Umbelino, “Bulduğumuz güvenlik açıklarıyla ilgili olmasa da, Ukrayna-Rusya savaşında ATG sistemleri de dahil olmak üzere ICT/OT kesintisi iddiasında bulunan bir grup var,” diyor. ” bu tweet“OPW ATG sisteminin hedef alındığını görebiliyoruz, ancak bunların birçok başka ICT/OT cihazını da etkilediğini iddia ediyorlar; bu da saldırganların kritik altyapıdaki bu unsurları hedef olarak gördüğünü gösteriyor.”
CISA’nın kendisi artan tehditleri işaret etti su temini kuruluşları, enerji santralleriüretme, telekom operatörleri, askeri ayak izlerive daha fazlası — çoğunlukla Çin, Rusya ve İran tarafından desteklenen APT’ler tarafından yürütülen saldırılar.

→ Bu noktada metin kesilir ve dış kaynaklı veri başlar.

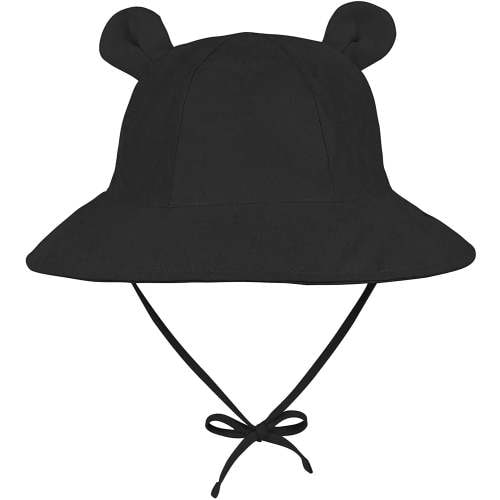 Zando Baby Toddler Sun Bucket Hats Wide Brim Beach Hats Infants Girls Cap Sun Protection Summer Kid Hat Black 0-6Months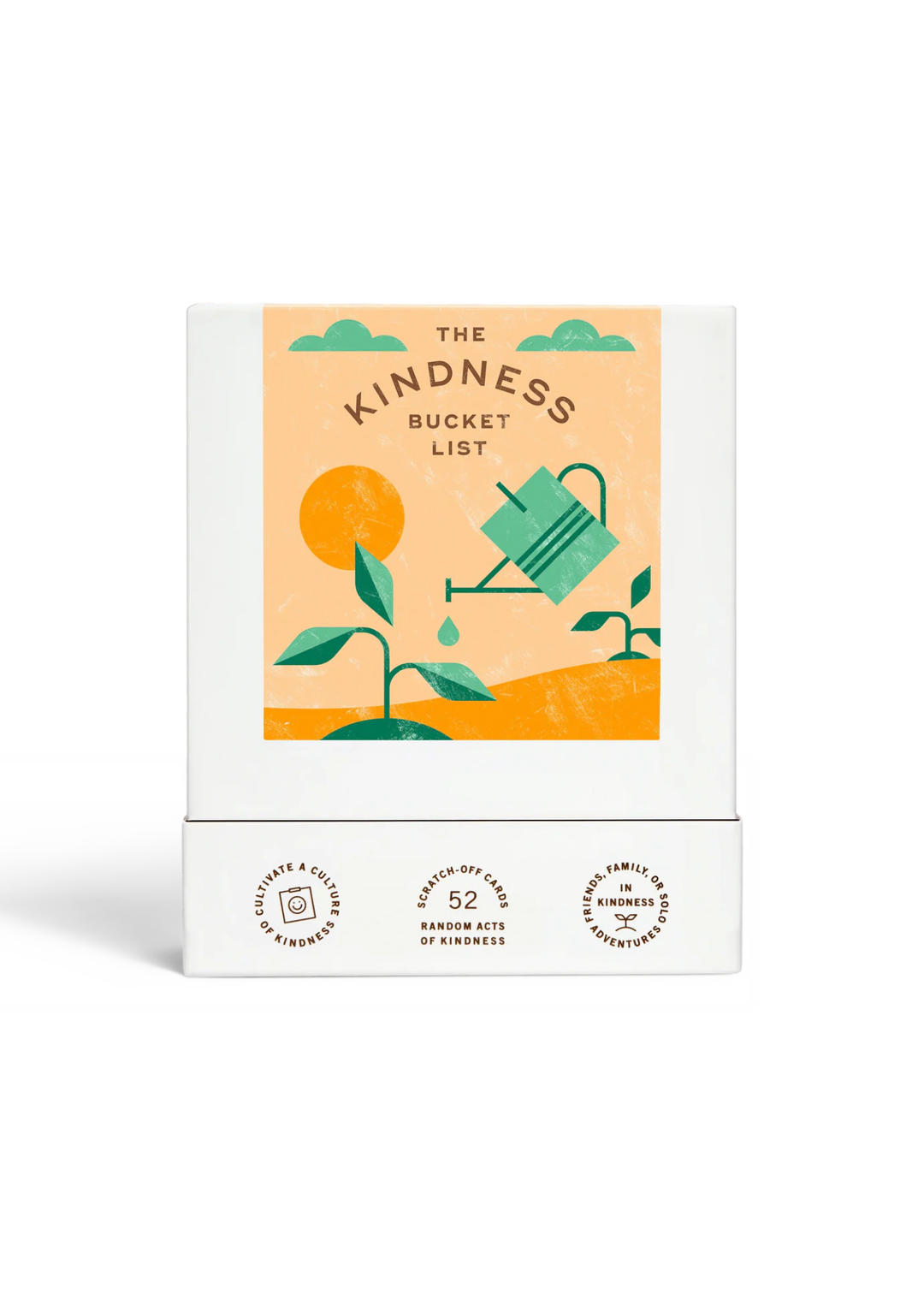 Box of "The Kindness Bucket List Cards" that is white with an orange and green graphic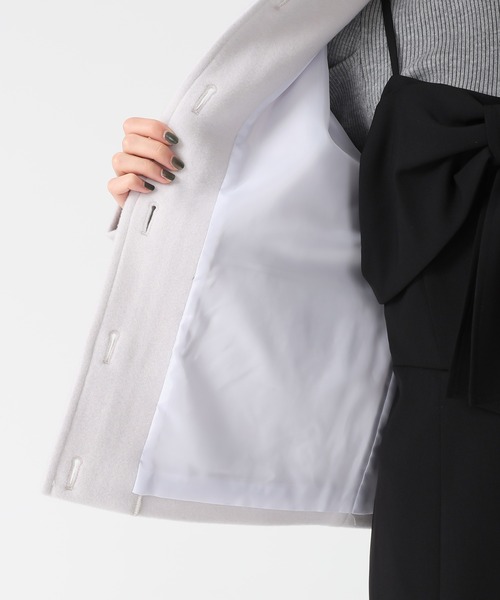 31 Sons de mode（トランテアン　ソン　ドゥ　モード）の「2025秋冬新作 ステンカラーポケットショートコート（チェスターコート・レディース・ブラック/ブラウン/ライトグレー・S/M）」の12枚目の写真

Savunmacılar şu ana kadar geçitte meydana gelebilecek felaket niteliğindeki saldırıları önlediler ve hataları istismar etmek için gereken karmaşıklık ve incelik göz önüne alındığında, yakın gelecekte büyük çaplı gaz sızıntıları beklemek için bir neden yok, ancak riskin önünde kalmak önemli.
“Sadece güvenlik açıklarını gidermekle ilgili değil, ilk etapta var olmalarını zorlaştıran güvenlik uygulamalarını benimsemekle ilgili,” diye açıkladı Umbelino analizde. “Ve sadece güvenlik açıklarının kendisiyle ilgili değil, bunların açığa çıkmasıyla ilgili. Kuruluşların, bu tür kritik sistemlerin genel İnternet’e maruz bırakılmaması gerekir“Tedarikçilerin sistemlerini zamanında güncelleme becerisinden bağımsız olarak, maruziyetlerini etkili bir şekilde değerlendirmeleri, mevcut risklerini anlamaları ve bu tür sorunları ele almaya başlamaları gerekiyor.”
Güvenlik araştırmacılarının da önemli bir rol oynayacağını belirten uzman, paydaşların ICS odaklarını genişletmeleri gerektiğini kaydetti.
Umbelino, “Toplumumuzun çok önemli kısımlarını kontrol eden ve kötüye kullanıldığında dünya üzerinde fiziksel bir etkiye, bazen de felakete yol açabilen bu tür sistemlere daha fazla dikkat etmeye başlamalıyız,” diyor. “Saldırganlardan daha hızlı bir şekilde İnternet’e açık bir şekilde maruz kalma riskini sistematik olarak keşfetmeli, sınıflandırmalı ve azaltmalı ve bu riski etkilenen tüm taraflara iletebilmeliyiz. Kolay bir iş değil.”